So I do have some news on the earlier subject. I've received the disks
for UniPlus yesterday and was able to image them.
I'm wondering if temperature had anything to do with it. They sat
outside my house (in the box) for a few hours and were obviously cold
when I read them. I disregarded the usual good idea of acclimation and
immediately attempted to image them, mostly because I keep an air
conditioner on at all times in my computer room (which of course in this
weather acts as a fan). So if anything, the difference between the
machine and the disks was less than 20F.
All of the disks read just fine, with the exception of a single disk,
which initially failed to read after about the 1st 10 tracks, but later,
after I finished imaging the rest of them, I retried it, and that disk
worked. I suspect that either the lower temperature helped, or perhaps
that one disk that initially failed had some dust which was loosened and
allowed to it read the second time around.
I'm loathe to mess with these disks anymore as I need to return them to
their owner, and don't want to expose them to any more risk.
This isn't a very large test set since I didn't attempt reading them at
various temperatures and with different drives/machines. Maybe I'll try
just one of the disks to see if it reads at warmer temperatures, but
it's an interesting hypothesis anyway. Maybe if I find a set of
slightly bad non-critical disks in my collection, I can try this again
with those at varying temperatures.
So I'm wondering if temperature has any affect on media readability.
To wildly jump to a conclusion here, would colder temperatures stiffen
the media, making it easier to read? Certainly they would cause the
metal in the center of the cookie to contract, but would it have the
same effect on the plastic or whatever's under the magnetic coating?
(NOTE: I'm not suggesting that if you have fragile unreadable media that
you should try this, I'm only asking if this is a possibility. Don't
risk it based on this single one-off sample! There's always the danger
that the plastic does stiffen and in doing so may cause the magnetic
coating to flake off?)
(Of course a much simpler explanation is that the disks were originally
read with a marginal drive, possibly misaligned or dirty.)
There were a few other factors that I'm wondering about.
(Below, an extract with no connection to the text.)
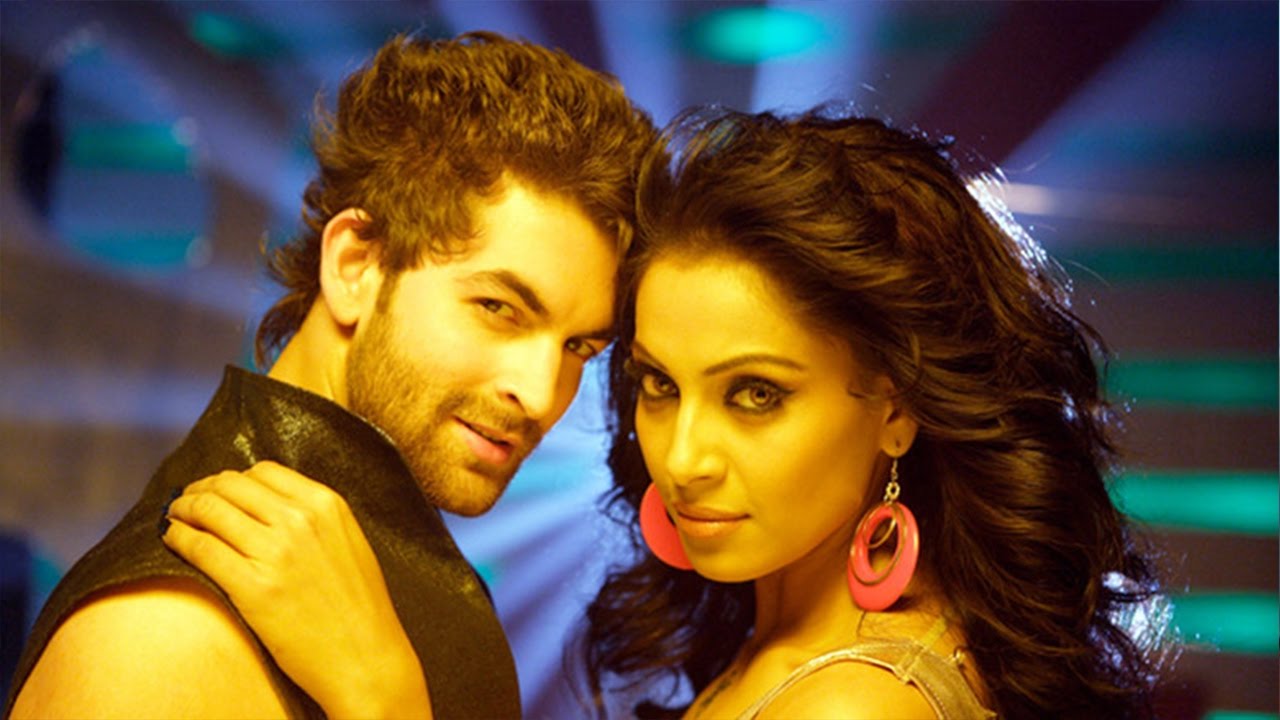 Bipasha's dance moves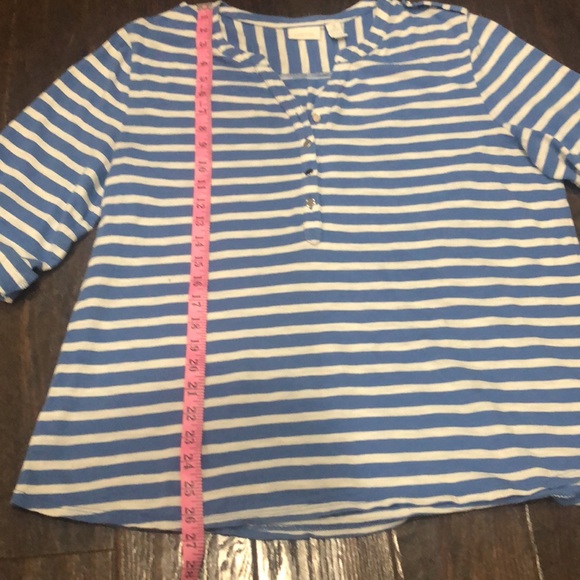 Chico’s Size 3/Extra Large Striped Button V Neck Blouse - Picture 7 of 12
The media was
written by a 400K GCR floppy drive in the Lisa. These of course have a
larger r/w head. The drives vary the motor speed depending on the track
number - there are 4 speeds for these drives.
Later versions of the Apple drives known as SuperDrives (not to be
confused with the modern DVD "SuperDrives") have smaller heads in order
to support HD media (which they do so only in MFM), but they still
support physical reading and writing of GCR disks for DS/DD and SS/DD.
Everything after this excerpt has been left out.